Monday, March 26, 2007

My Life Goes On.......

I did not know how I got here. Even though my mother had told me still I could not make sense out of the fact that we had to change our house again and again. I barely saw my dad. He always seemed to be out of the house whenever I looked for him. I wanted him to be with me. To play with me. To listen to my stories and how I tried to make sense out of them. Make up stories out of the few words I knew. To laugh with me and be the princess that my mother always told me I was. Every house we went to, I saw the same pictures hanging from the wall. Staring down at me and enforcing the idea that the house we lived in was filled with love and memories. Not showing everyone the battle I fought everyday to be noticed by my mother. But I always failed at this battle. She never noticed me that I was special. She was never there for me. Since my birth, I had been under the care of a nanny who had tried to make me feel special. Every time I drew up a picture, she would appreciate me as if she meant it but she never did. I knew that she did not love me. She only did it for the money. Still I had this foolish need to be loved as a child and so I also played along with her.

The mornings were spent eating through the breakfast that my nanny used to make for me. Plain and tasteless toast and eggs. Preparing for school and then leaving for school. All along not seeing either my mom or dad. The highlight of the day was school. A place where I knew who I was and how I was suppose to interact with others. It seemed like an accomplishment to see how many friends I had manage to make at this school. Within all of them was my best friend. Her name was Shelly and it seemed that from the day we met, we were meant to be together. We both had both matching bands for each other which said “friends forever”. Maybe not forever, I always used to say, but maybe as long as possible. Every day we would meet each other in the morning and walk to school. It wasn’t anything that my mom ever certified of but she was not there every morning. We used to walk to school discussing stupid things like the new doll commercial or the homework that was given to us.

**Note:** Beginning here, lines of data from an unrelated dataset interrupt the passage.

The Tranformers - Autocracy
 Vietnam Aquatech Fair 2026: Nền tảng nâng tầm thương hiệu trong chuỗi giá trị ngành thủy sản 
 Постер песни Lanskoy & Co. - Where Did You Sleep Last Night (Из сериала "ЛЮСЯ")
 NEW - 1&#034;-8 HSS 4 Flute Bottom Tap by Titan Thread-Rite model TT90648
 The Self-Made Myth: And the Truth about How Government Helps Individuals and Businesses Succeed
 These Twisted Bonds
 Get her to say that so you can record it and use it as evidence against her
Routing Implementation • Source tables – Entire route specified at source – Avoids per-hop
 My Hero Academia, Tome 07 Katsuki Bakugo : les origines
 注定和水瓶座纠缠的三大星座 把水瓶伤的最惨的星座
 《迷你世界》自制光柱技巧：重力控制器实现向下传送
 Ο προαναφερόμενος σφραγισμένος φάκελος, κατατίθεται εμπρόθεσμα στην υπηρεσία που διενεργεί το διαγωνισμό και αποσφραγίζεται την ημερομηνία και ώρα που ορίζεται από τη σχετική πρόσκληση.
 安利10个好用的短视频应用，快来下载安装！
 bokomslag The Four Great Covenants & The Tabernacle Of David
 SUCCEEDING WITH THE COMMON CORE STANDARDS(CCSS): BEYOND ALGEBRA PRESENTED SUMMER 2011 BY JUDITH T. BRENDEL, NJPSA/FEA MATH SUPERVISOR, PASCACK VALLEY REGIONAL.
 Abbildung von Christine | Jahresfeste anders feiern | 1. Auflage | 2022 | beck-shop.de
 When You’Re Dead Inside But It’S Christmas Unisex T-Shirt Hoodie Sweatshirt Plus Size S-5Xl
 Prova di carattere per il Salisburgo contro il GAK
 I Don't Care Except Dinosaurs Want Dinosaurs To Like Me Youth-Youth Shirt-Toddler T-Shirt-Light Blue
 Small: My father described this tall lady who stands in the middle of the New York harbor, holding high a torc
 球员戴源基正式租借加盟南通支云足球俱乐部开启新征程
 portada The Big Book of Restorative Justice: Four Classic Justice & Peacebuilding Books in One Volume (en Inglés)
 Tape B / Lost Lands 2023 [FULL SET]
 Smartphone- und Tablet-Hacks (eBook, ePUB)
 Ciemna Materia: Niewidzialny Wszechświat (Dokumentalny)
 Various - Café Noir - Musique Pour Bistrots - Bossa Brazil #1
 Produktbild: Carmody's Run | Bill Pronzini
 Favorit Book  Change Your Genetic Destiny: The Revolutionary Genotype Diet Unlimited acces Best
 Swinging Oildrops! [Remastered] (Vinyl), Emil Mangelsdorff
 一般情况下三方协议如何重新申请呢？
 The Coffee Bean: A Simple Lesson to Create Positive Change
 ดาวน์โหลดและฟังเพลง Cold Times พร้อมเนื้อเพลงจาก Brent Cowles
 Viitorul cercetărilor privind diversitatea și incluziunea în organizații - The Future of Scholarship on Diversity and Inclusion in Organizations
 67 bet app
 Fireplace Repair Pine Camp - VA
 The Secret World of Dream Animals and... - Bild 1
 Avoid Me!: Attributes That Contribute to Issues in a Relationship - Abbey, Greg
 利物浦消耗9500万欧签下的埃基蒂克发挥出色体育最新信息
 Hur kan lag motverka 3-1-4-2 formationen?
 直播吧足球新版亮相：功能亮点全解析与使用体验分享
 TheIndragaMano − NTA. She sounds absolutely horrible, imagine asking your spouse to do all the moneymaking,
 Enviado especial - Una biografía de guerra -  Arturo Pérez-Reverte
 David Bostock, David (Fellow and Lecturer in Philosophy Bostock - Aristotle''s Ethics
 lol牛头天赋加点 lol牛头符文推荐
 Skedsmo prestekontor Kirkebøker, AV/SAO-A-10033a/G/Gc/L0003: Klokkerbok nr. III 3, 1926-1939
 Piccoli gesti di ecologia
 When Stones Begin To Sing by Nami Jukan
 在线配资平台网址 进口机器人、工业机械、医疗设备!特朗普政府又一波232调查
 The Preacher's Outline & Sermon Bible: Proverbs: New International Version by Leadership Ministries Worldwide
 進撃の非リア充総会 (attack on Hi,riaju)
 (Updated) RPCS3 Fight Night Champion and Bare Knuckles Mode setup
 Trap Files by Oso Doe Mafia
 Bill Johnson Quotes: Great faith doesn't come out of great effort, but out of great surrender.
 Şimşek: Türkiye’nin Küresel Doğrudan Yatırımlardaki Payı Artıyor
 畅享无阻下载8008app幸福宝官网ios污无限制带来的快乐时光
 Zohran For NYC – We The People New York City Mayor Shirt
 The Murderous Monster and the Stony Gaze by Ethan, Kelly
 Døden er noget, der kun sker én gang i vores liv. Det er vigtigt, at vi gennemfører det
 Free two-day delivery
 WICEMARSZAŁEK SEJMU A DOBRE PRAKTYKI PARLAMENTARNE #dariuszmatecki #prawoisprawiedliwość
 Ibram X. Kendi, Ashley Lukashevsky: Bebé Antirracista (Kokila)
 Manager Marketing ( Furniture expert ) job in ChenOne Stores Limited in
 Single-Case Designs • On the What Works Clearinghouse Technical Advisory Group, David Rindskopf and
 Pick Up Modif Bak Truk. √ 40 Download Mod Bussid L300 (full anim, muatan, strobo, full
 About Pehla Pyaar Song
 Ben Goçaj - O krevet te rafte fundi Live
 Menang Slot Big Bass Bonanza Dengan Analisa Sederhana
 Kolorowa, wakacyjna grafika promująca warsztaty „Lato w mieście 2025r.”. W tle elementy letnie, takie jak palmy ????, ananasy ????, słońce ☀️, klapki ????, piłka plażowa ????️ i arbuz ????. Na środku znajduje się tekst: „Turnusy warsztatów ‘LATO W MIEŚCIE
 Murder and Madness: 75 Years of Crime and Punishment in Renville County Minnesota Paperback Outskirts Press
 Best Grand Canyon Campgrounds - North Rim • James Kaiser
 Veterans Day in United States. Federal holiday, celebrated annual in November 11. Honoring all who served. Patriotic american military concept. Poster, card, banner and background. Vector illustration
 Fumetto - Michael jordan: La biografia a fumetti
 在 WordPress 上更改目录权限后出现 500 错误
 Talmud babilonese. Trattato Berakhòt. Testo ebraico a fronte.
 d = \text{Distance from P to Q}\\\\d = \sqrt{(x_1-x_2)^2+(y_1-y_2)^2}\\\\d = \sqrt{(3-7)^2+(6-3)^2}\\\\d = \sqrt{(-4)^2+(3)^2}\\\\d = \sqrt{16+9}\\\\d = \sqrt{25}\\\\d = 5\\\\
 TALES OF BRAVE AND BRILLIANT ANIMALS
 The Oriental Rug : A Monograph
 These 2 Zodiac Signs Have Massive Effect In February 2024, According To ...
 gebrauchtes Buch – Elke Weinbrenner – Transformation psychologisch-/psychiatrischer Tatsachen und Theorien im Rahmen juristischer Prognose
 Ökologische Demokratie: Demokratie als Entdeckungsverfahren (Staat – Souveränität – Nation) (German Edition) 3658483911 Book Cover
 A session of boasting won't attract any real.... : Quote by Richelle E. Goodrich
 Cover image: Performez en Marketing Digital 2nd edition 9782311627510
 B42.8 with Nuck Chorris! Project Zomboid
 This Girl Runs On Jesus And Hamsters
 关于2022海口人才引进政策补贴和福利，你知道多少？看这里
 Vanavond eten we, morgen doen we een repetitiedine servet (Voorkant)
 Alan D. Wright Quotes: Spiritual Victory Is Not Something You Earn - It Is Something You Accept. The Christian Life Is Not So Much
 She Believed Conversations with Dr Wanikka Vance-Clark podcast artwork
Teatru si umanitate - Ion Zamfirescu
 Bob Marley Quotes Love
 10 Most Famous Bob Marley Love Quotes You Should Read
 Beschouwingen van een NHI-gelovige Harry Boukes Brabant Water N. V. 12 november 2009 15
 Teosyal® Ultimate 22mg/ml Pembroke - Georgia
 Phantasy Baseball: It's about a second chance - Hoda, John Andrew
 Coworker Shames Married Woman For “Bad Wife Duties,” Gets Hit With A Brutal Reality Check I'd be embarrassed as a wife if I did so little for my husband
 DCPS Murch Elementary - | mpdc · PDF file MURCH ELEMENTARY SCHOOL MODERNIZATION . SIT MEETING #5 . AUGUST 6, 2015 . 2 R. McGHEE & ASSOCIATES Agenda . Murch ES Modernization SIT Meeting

After school, I would return home and wash up before eating. The house would always seem empty whenever I would enter. No one to welcome me. Every time a hollow “hi” would greet me from the kitchen as I would enter. I would drag myself to my room and select a new dress from my dresser. Change and come downstairs for lunch. The table would be neatly set and I would find my nanny sitting in one of the chairs with a vacant one next to her. The table had six chairs but I was always surprised that all of them were never filled. Why were they all even there? I had never seen across the table seeing either my father or mother eating along with me. Shelly had invited me so many times over to her house for dinner. Her parents would always start discussing something as they would eat their meals. Sometimes they would end up fighting furiously over something. I would always smile to myself and justify my parents’ actions by comforting myself. Comforting myself that at least my parents never argued.

The evening was a time to occupy myself. Homework, playing with Shelly, or just wasting my time. I found something to do at evening time. The night was just a series of stories from the nanny before I could drift away and sleep. The next day the same events would unfold. My life would go on like this.